EmitenNews.com - Bursa Efek Indonesia (BEI) mencatat masih terdapat 327 emiten yang belum memenuhi ketentuan saham free float sebesar 15 persen hingga 31 Mei 2026.

Direktur Penilaian Perusahaan BEI, Saidu Solihin mengatakan jumlah tesrebut relatif tidak mengalami perubahan dibandingkan posisi per 31 Maret 2026 yang tercatat sebanyak 323 emiten.

Saidu menyatakan akan kembali memantau pemenuhan ketentuan free float berdasarkan laporan posisi kepemilikan saham per 30 Juni 2026. Sesuai ketentuan, seluruh perusahaan tercatat wajib menyampaikan laporan tersebut paling lambat 10 Juli 2026.

Guna mendorong kepatuhan emiten, BEI juga telah menjalankan sejumlah langkah mulai dari sosialisasi perubahan Peraturan Nomor I-A yang telah dilakukan pada 8 April 2026, hingga penyampaian pengingat masa transisi pemenuhan free float kepada masing-masing emiten.

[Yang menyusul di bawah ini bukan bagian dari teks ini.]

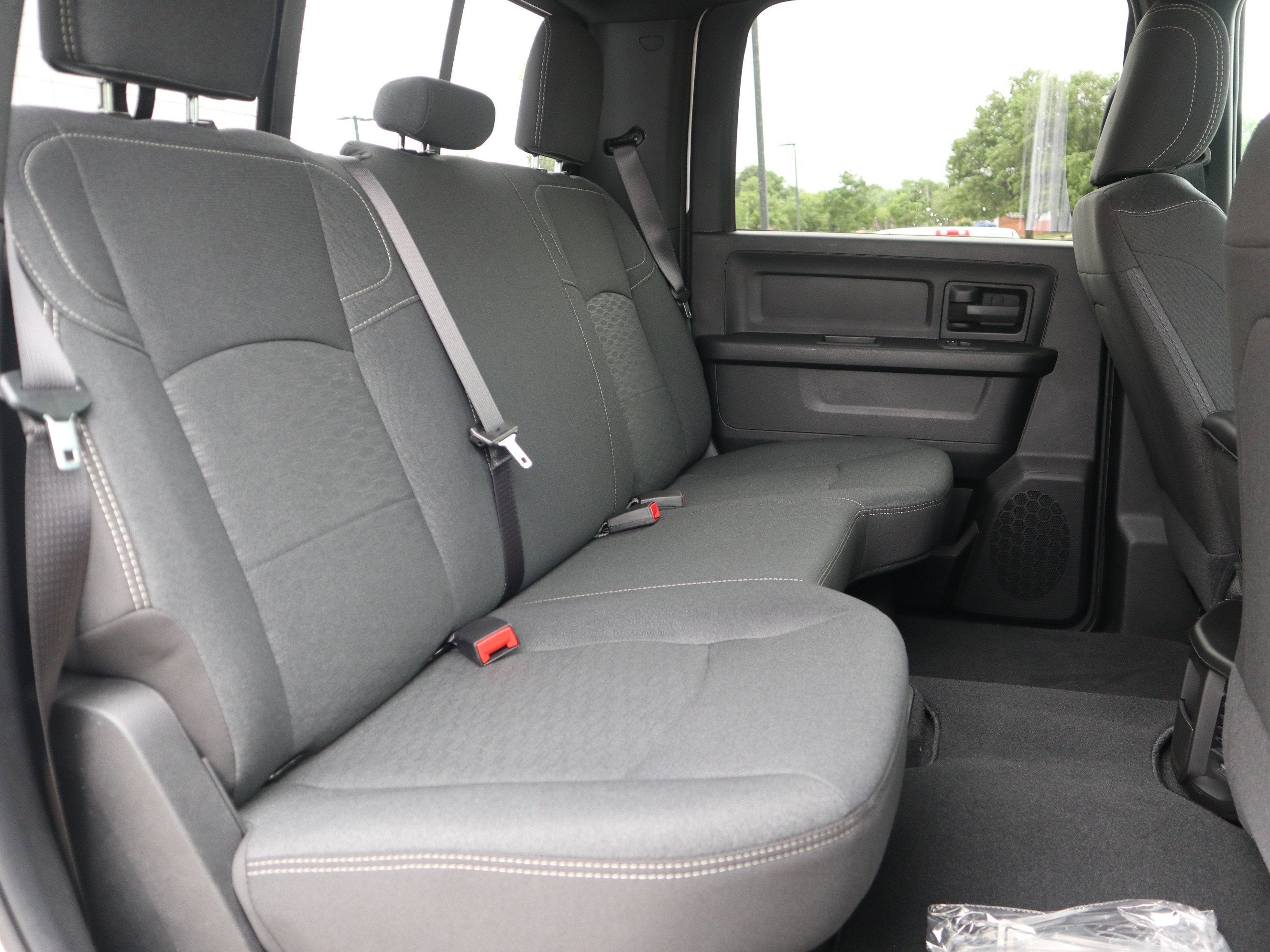 2026 RAM 3500 Tradesman 4x4 Crew Cab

“Penyampaian reminder masa transisi pemenuhan free float kepada masing-masing perusahaan tercatat, dan pengumuman status pemenuhan free float kepada publik secara rutin setiap tiga bulanan,” ujar Saidu dalam keterangan tertulis, dikutip Jumat (10/7).

Selain itu, BEI menggelar sosialisasi berkala kepada emiten, termasuk program khusus bagi emiten yang belum memenuhi batas minimum free float sebesar 15%. Program tersebut telah dimulai sejak 5 Juni 2026 dan akan dilaksanakan secara rutin setiap dua bulan sekali.

Di samping itu, BEI juga menyediakan layanan hot desk yang dapat dimanfaatkan emiten maupun masyarakat apabila membutuhkan informasi terkait ketentuan free float. Bursa turut menyelenggarakan program capacity building guna meningkatkan kualitas kinerja emiten dan fungsi investor relations.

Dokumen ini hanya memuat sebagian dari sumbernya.